Auf Ihr gehaltreiches höchst willkommenes Schreiben erlauben Sie mir, mein Werthester, wenn auch nur Einiges zu erwidern.

Vor allem gönn ich Ihnen von Herzen den freyen Anblick jener herrlichen Gegend, den Aufenthalt in einer so bedeutenden Stadt und die Umgebung von angeborenen und erworbenen Freunden. Dankbar erkenn ich, daß Sie sich meiner so freundlich erinnern wollen, und kann dagegen von unsern theuren verehrten Persönlichkeit manches Erfreuliche melden. In Belvedere geht alles, wie ich vernommen und zum Theil selbst Zeuge war, aus dem Guten in's Bessere. Unserm Fürsten ist die Töplitzer Badecur sehr wohl bekommen, so daß ein leichter Katarrh als Folge einer Erkältung auf der Rückreise nichts als von Bedeutung angesehen werden darf. Gleichermaßen verhält sich's mit der Gesundheit unsrer Frau Großherzogin. Und so dürfen wir denn auch wohl erfreuen, daß es in häuslicher Umgebung ganz leidlich aussieht.

[1] Wenn sich nun hierauf meine Nachrichten beschränken, so sehen Sie daraus, daß ich, gerade im Gegensatz von Ihnen, wenig oder nichts von Äußerlichkeiten zusagen weiß. Füge ich nun hinzu, daß Fräulein Ulrike sich mit Frau Gräfin Henckel in Töplitz befindet, Demoiselle Pallard von Jena aus uns manchmal besucht, so sehen Sie, daß ich immer wieder zu geliebten Personen zurückkehre.

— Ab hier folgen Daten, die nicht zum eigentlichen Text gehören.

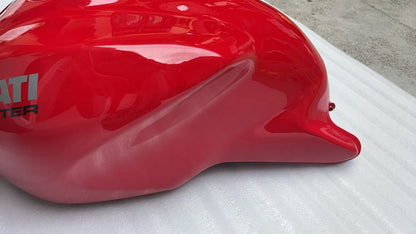 Close-up of red Ducati Monster fuel tank right side showing knee recess and DUCATI decal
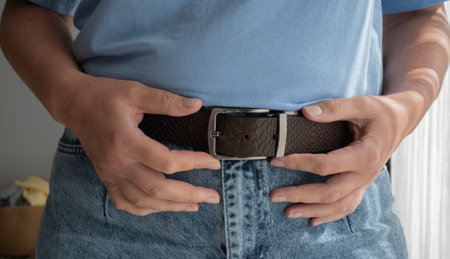 Leather belt on blue jeans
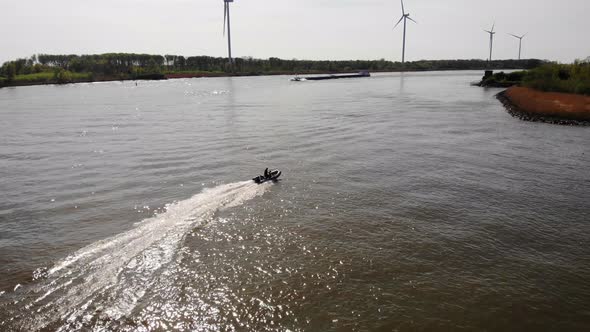 Aerial Tracking Shot Of Speedboat Travelling Across Calm Waters Of Oude Maas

Auch von Berlin kommen immerfort die besten Nachrichten, welches alles meinem Gemüth sehr zu Gute kommt, da meinen Augen, außer den Malven im Garten, nichts Erfreuliches begegnet. Gebaut wird freylich viel, von Architektur wüßt ich wenig zu sagen; doch werden Sie manches reinlicher und freundlicher finden, als Sie es verlassen haben, besonders wenn Sie hinter dem Ettersberg kein Genf und keinen See zu suchen kommen.

Wenn ich nun aber die vorliegenden weißen Räume meines Briefpapier nicht ungenutzt soviel Meilen weit versenden soll, so muß ich mich zu denen uns sonst so beliebten Capiteln der Oryktognosie und Geognosie hinwenden und berichten, daß die Anwesenheit des Herrn Grafen Sternberg unsern Sammlungen viel Vortheil gebracht hat; denn indem dieser edle Freund die Flora subterranea, wie wir sie in schönen Exemplaren besitzen, richtiger benamsete und methodischer ordnete, so hat dieses Fach zuerst einen eignen Werth erlangt und eine gewisse Anziehungskraft [2] erworben. Durch die Gefälligkeit des Herrn v. Sömmerring haben wir ein treffliches Facsimile des berühmten Or nithocephalus erhalten, welcher sonst in dem Mannheimer Kabinett sich befand, nun in München aufbewahrt wird, erst von Collini, dann aber von Sömmerring commentirt und entfaltet wurde. Es ist vielleicht das Merkwürdigste unter allen Resten von Solnhofen; der Gypsabguß aber so genau und schön gefärbt, daß man das Original vor sich zu sehen glaubt.

Anderes, zwar nicht in dem Grad, aber doch immer Merkwürdige sey bis zu Ihrer willkommenen Rückkehr verspart; doch darf ich nicht verhehlen, daß mein Sohn, seitdem er durch Ihre Geneigtheit mit dem Mont Salève bekannt geworden, die Hoffnung nicht aufgibt, mit noch einigen Exemplaren von dorther bereichert zu werden.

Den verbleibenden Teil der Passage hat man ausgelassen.